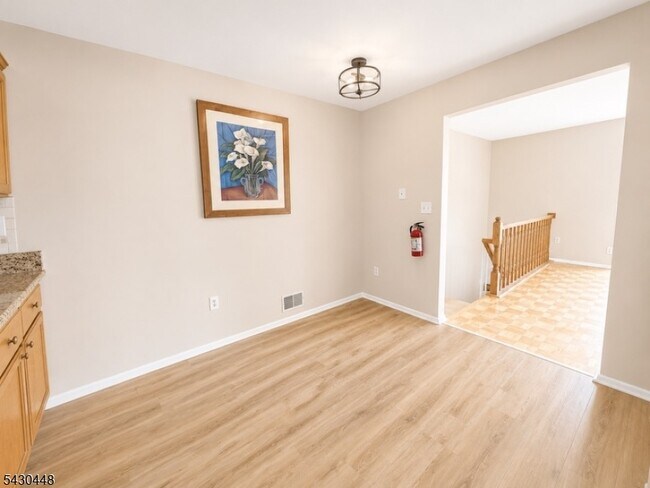 Foto del edificio - 774 Sassafras Ct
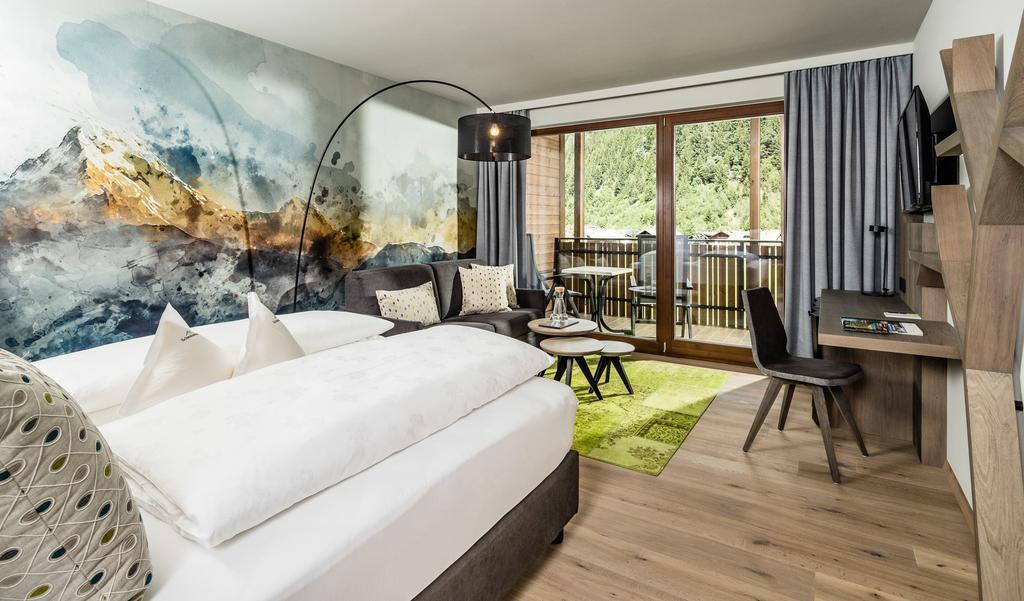 Alpine Luxury Spa Resort Schwarzenstein Lutago Exterior photo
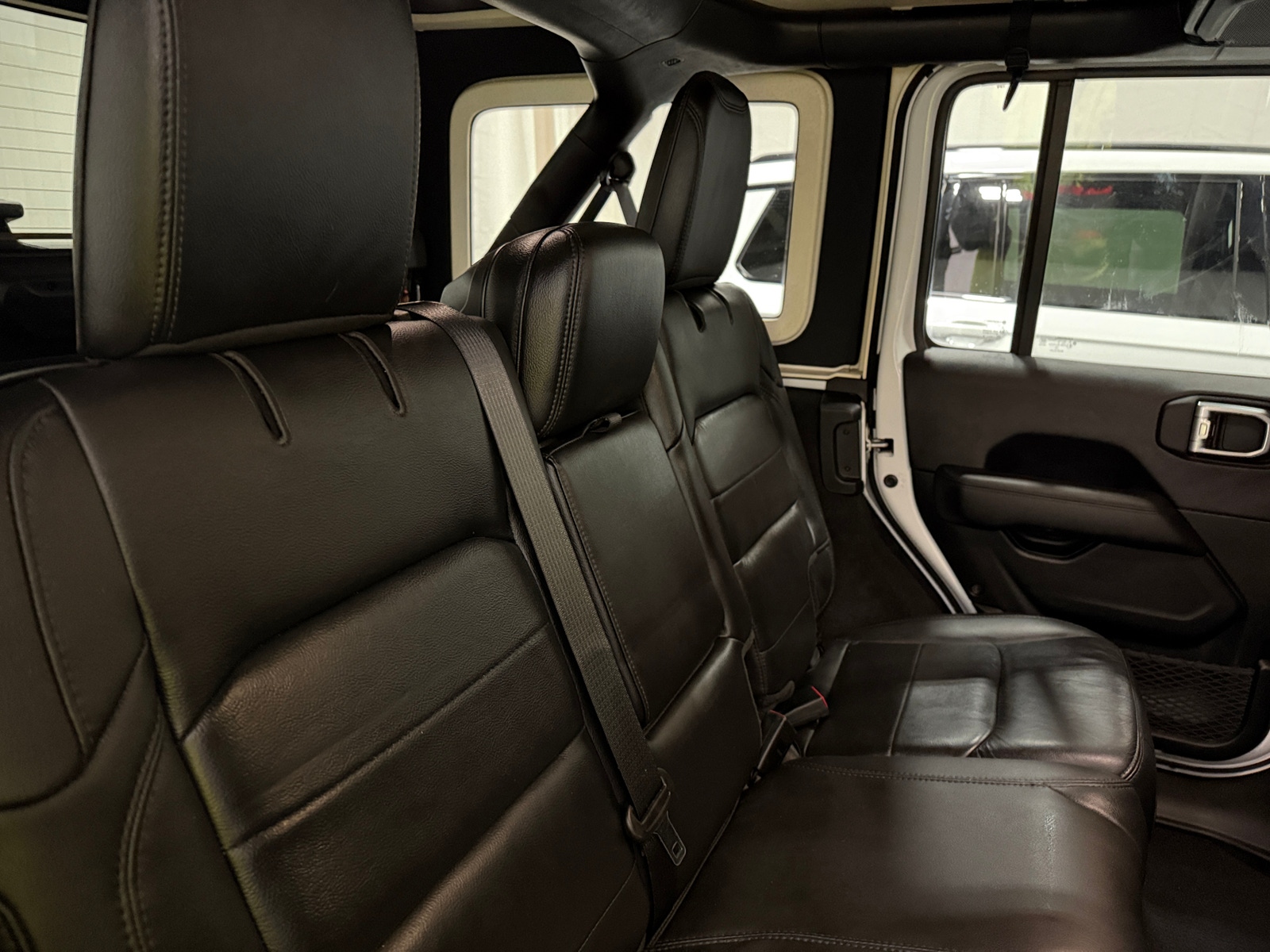 Thumbnail: 2019 Jeep Wrangler - 5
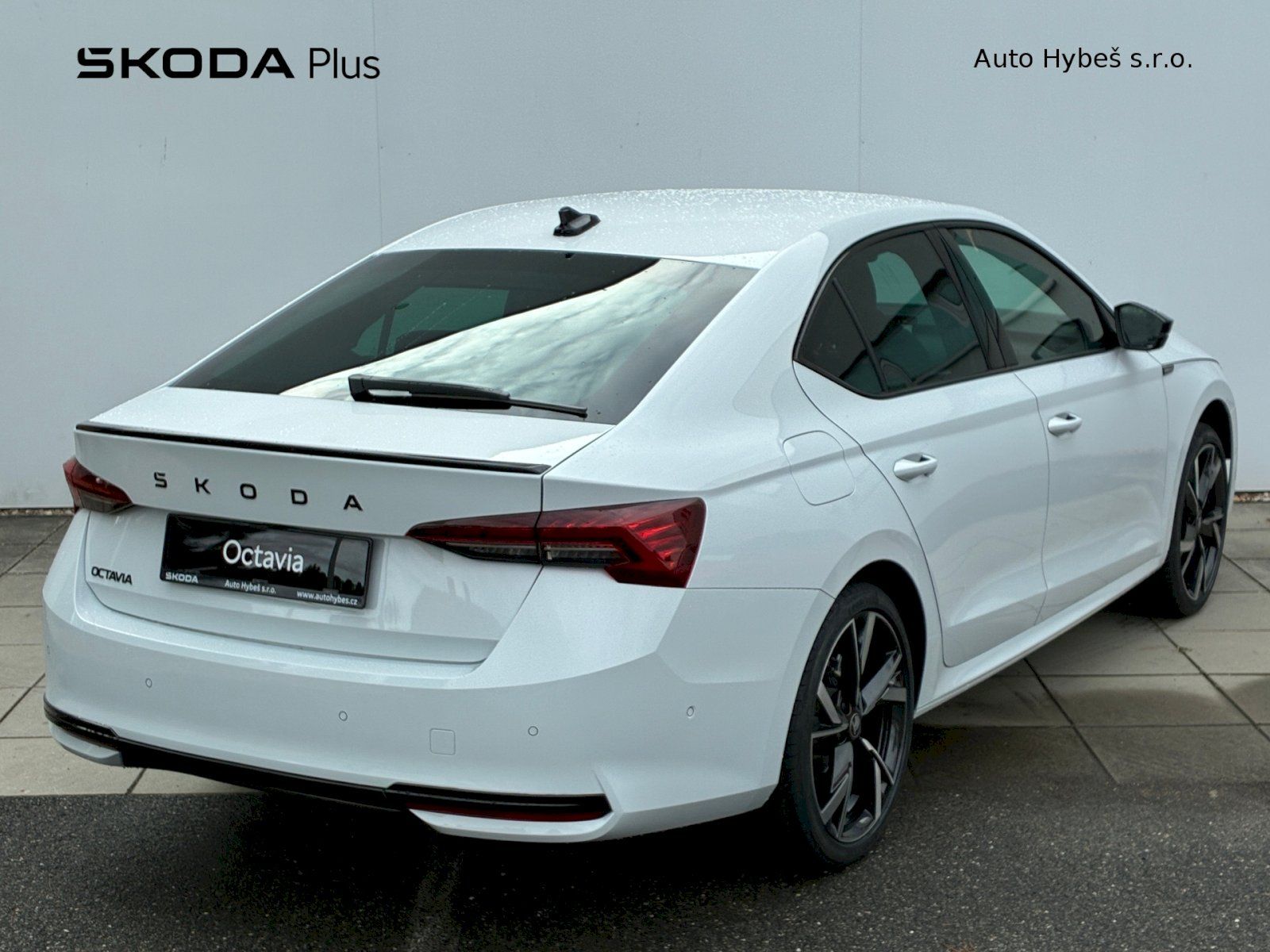 Škoda Octavia, 2,0 TDI / 110 kW Sportline DSG - fotka 2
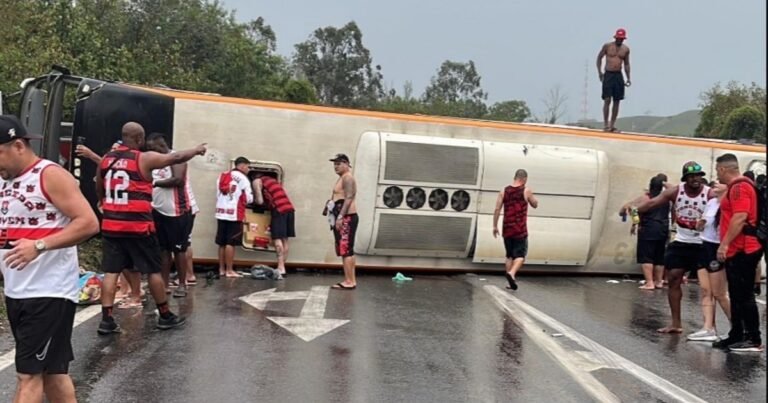 Cómo sigue la salud de los hinchas de Flamengo que viajaban al partido con Racing: qué provocó el el trompo del micro en plena autopista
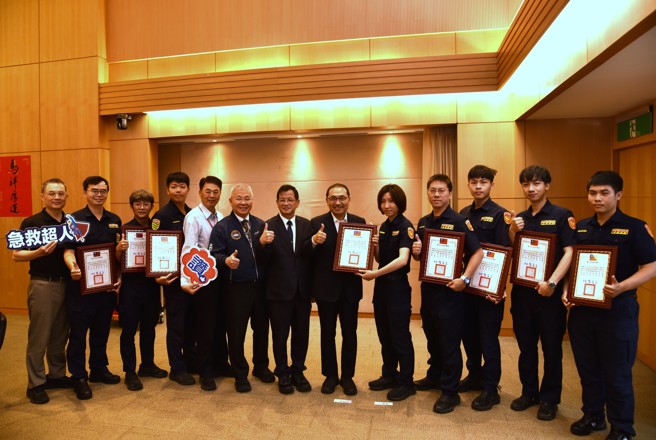 台灣新聞通訊社-警消協力、成功救命！ 新北侯市長表揚讚許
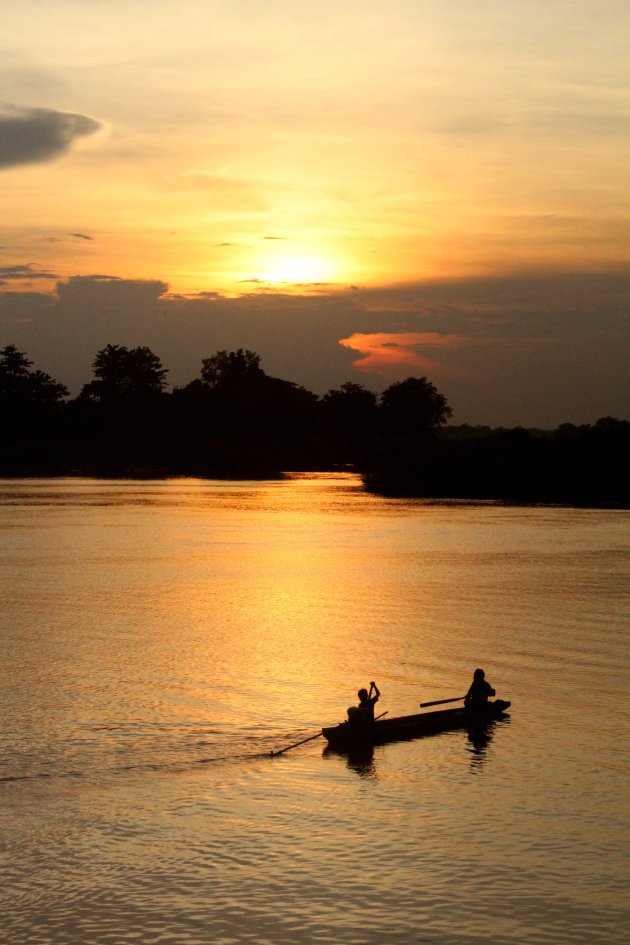 Zonsondergang bij Si Phan Don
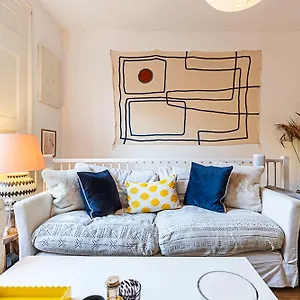 Colourful And Cosy In De Beauvoir Town *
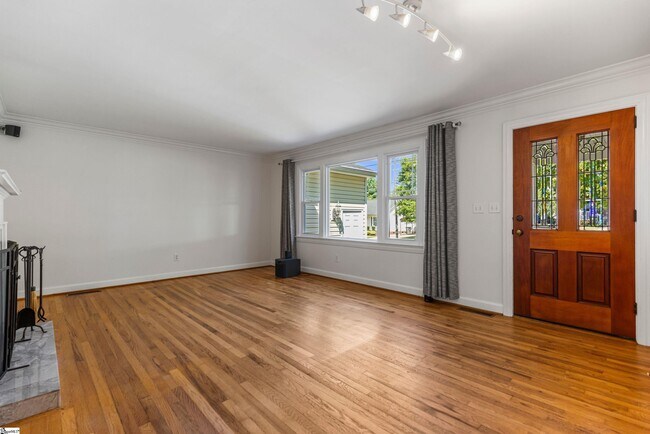 Building Photo - 112 N Rockview Dr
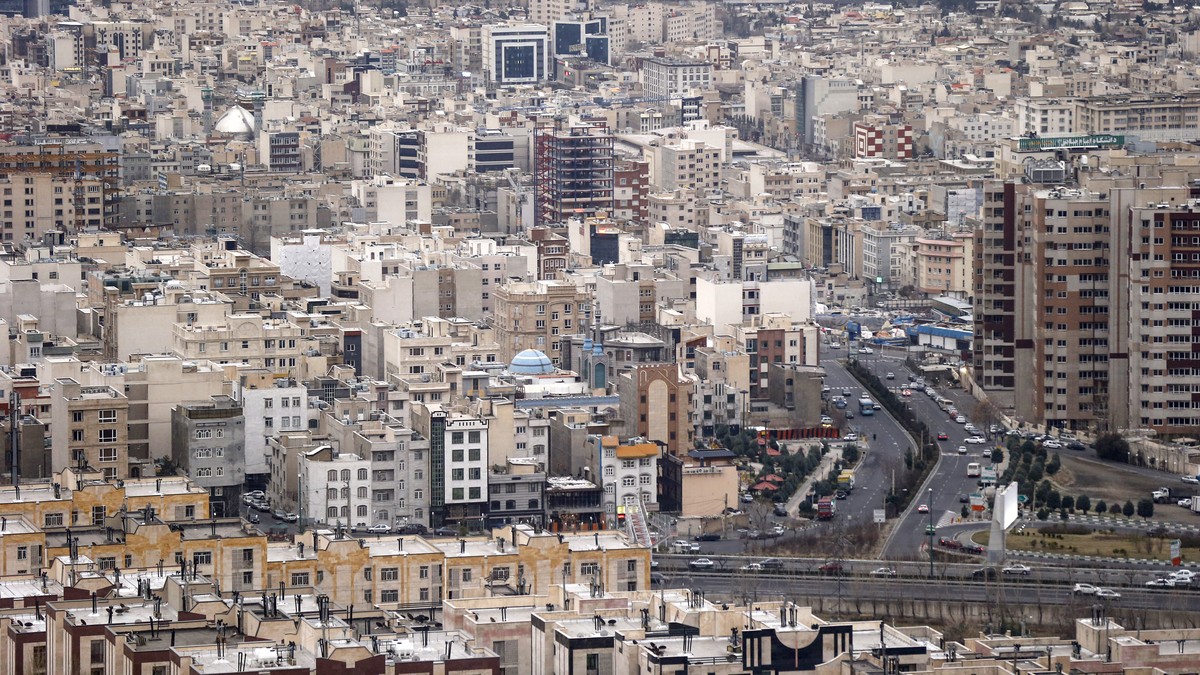 A view of the city of Teheran, Iran, Sunday, February 28, 2016. Swiss President Johann N. Schneider-Ammann attends a three-day-visit to Iran, accompanied by an economic and scientific delegation. (KEY ...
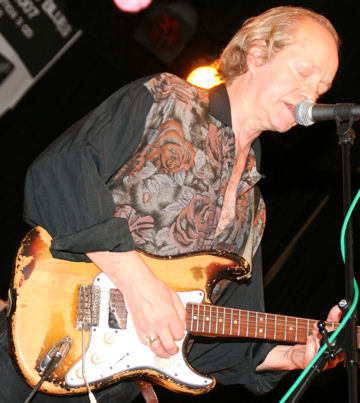 � Copyright 2007 Alan White. All Rights Reserved.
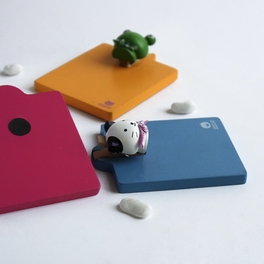 Blancho Bedding [Happy White Cat] - Refrigerator Magnet Clip / Magnetic Clipboard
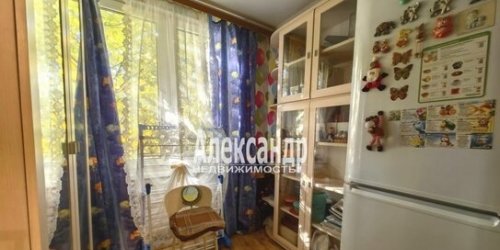 3-комн квартира Народного ополчения пр-кт,  д. 97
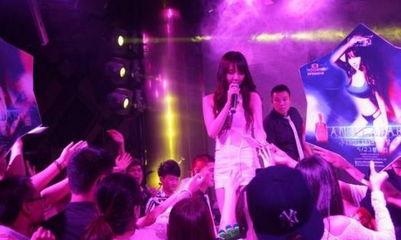 夜场秀在线观看,在线观看尽享视听盛宴  第2张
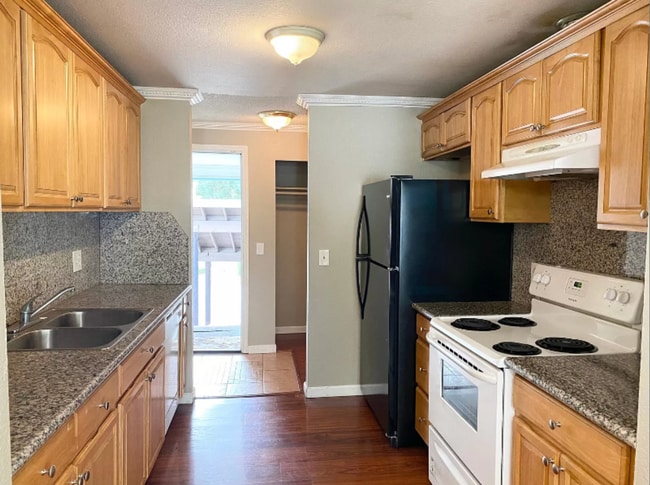 Building Photo - Spacious top floor condo with 3 sizable bedrooms & 2 baths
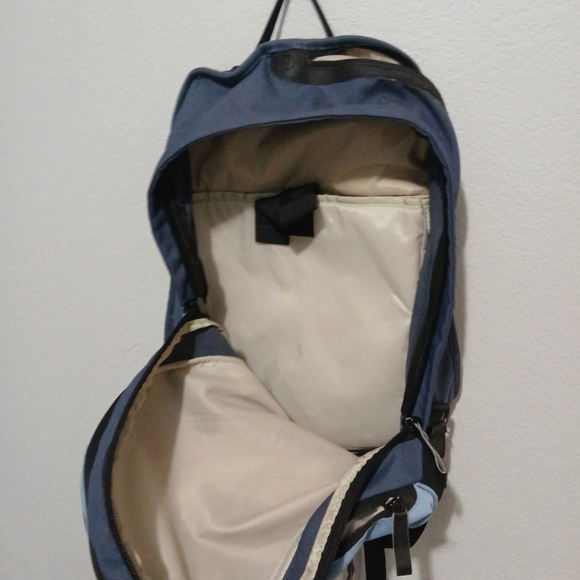 Nike Blue and Black Men's Backpack - Picture 11 of 13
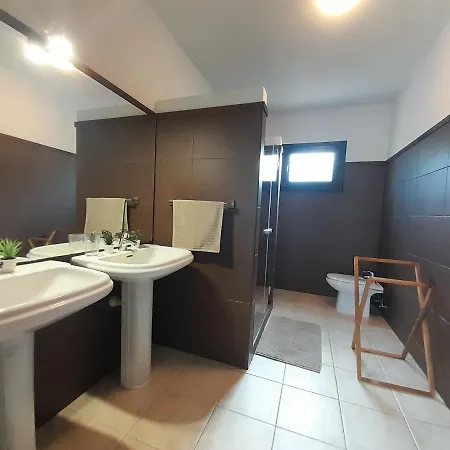 Surfwhitehouse فيلة لاجاريس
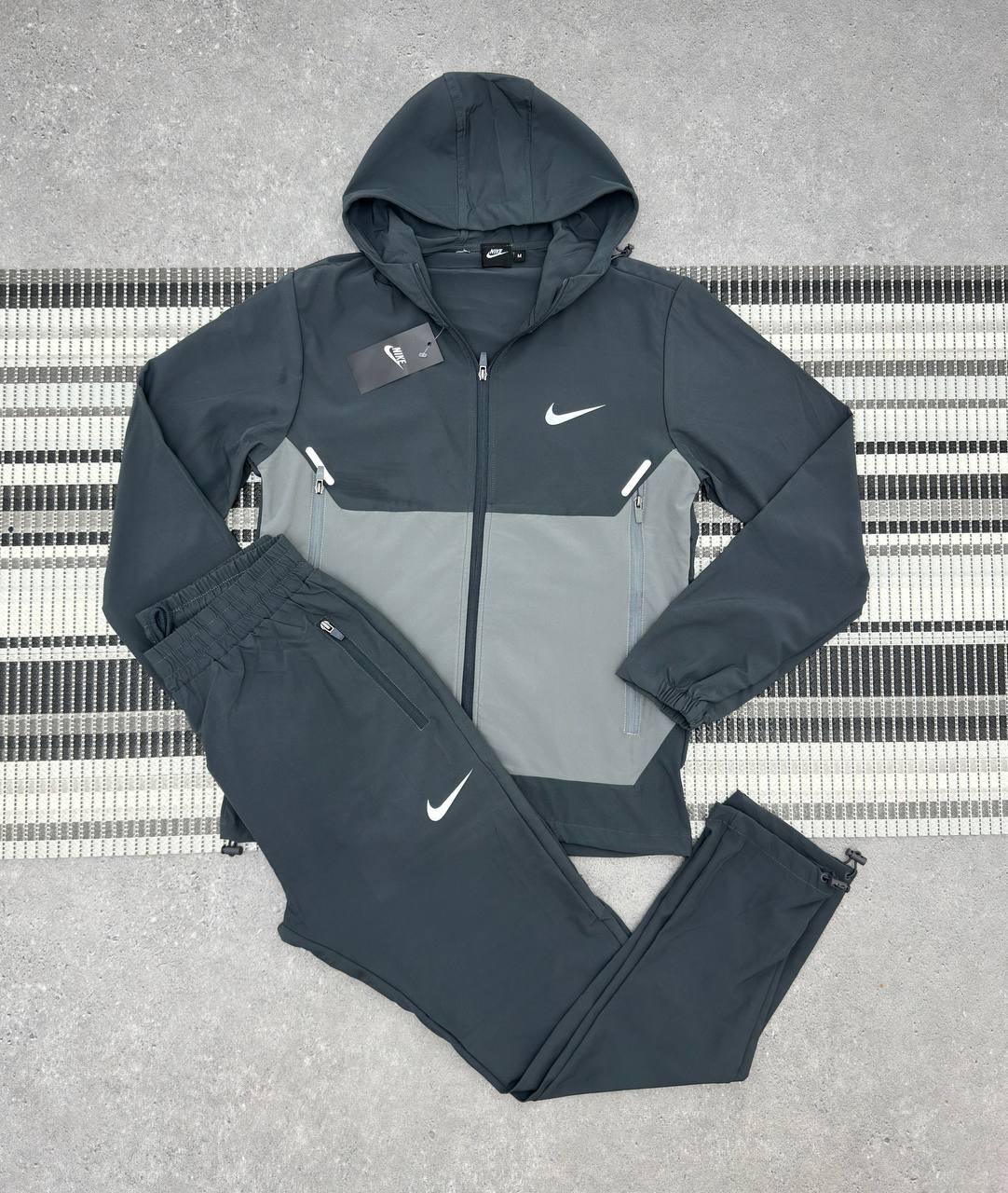 Nike UV Windrunner Tracksuit Men's in Different Colors Reps Sale UK Best Quality AAA Replica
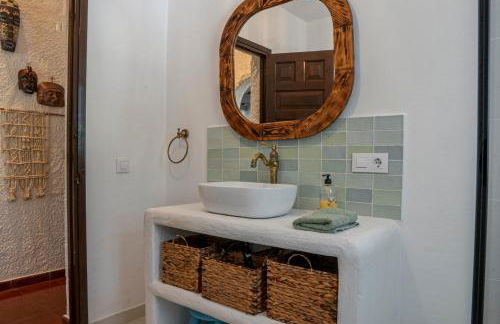 Villa en Cala Morell con piscina privada en el bosque - Foto 19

→ **DIRECTIONS**
Among the entries above, copy exactly the stretch from the line holding "Zonsondergang bij Si Phan Don" through the line holding "3-комн квартира Народного", leaving out any pictures.

→ **ANSWER TO THE EXERCISE**
 Zonsondergang bij Si Phan Don
 Colourful And Cosy In De Beauvoir Town *
 Building Photo - 112 N Rockview Dr
 A view of the city of Teheran, Iran, Sunday, February 28, 2016. Swiss President Johann N. Schneider-Ammann attends a three-day-visit to Iran, accompanied by an economic and scientific delegation. (KEY ...
 � Copyright 2007 Alan White. All Rights Reserved.
 Blancho Bedding [Happy White Cat] - Refrigerator Magnet Clip / Magnetic Clipboard
 3-комн квартира Народного ополчения пр-кт,  д. 97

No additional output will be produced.